La cigarette, cet objet social

Le tabac : de la graine au mégot

N° 418 - Publié le 28 mars 2024
© STEPHAN BÖHM / ADOBE STOCK

Entre effet dimitation et logiques dappartenance, la consommation de tabac est profondément ancrée dans la construction des identités et des rôles sociauxdès ladolescence.

Elle se donne, s’échange et se partage. Bien plus qu’une simple décharge de nicotine, la cigarette est un objet social. Au travail, en soirée ou en cachette, fumer est loin d’être un geste anodin. Et pas toujours un choix. L’entrée dans le tabagisme « mêle des explications psychologiques, physiologiques et sociologiques », souligne Marc-Antoine Douchet, chargé d’études à l’Observatoire français des drogues et des tendances addictives (OFDT) et référent sur les questions relatives au tabac et à l’alcool. Pour ce sociologue de formation, la consommation est à la fois motivée par des déterminants individuels et collectifs et par l’environnement.

Logique de conformation


Car nous ne sommes pas tous égaux face au risque de commencer à fumer. Plus le revenu est élevé, plus la prévalence du tabagisme quotidien est faible. Mais les inégalités sociales de santé commencent tôt. Dès l’adolescence, on observe que le statut scolaire joue sur le tabagisme, qui s’élève à 10,1 % chez les élèves de lycée général, contre 43,5 % chez ceux qui sont déscolarisés1.

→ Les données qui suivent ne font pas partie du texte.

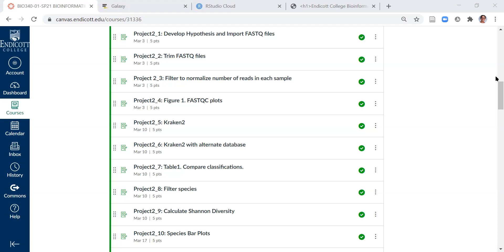So we're going to use the Kraken 2 tool in Galaxy, and once we have produced a report from that Kraken 2 tool, we're going to filter that report to only show the species rows, and then calculate the Shannon diversity and evenness. So I'll walk you through the steps for week two.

« L’âge biologique ne veut pas dire grand-chose, décrypte Marc-Antoine Douchet. À 17 ans, certains jeunes vont au lycée et habitent chez leurs parents, ils sont dans une temporalité adolescente tandis que d’autres ont un âge social plus avancé, travaillent déjà, côtoient plus d’adultes et ont des revenus. » Au-delà de la sensation d’apaisement qu’elle peut procurer, la cigarette a une fonction sociale, en favorisant notamment les interactions et en aidant à l’intégration. Et cela dès la première bouffée. « L’expérimentation2 est bien souvent un rite de passage vers l’âge adulte, qui obéit plus à une logique de conformation au groupe de pairs qu’à une logique de transgression », précise le référent tabac de l’OFDT. 

Risques sociaux


Pourtant, on observe une dénormalisation du tabac. Même s’il n’est pas perçu comme une drogue, il est jugé de plus en plus dangereux, en particulier par la population adolescente, dont la consommation est en baisse. « En 2022 moins d’un jeune de moins de 17 ans sur deux a expérimenté le tabac alors qu’ils étaient 80 % il y a 20 ans », précise Marc-Antoine Douchet.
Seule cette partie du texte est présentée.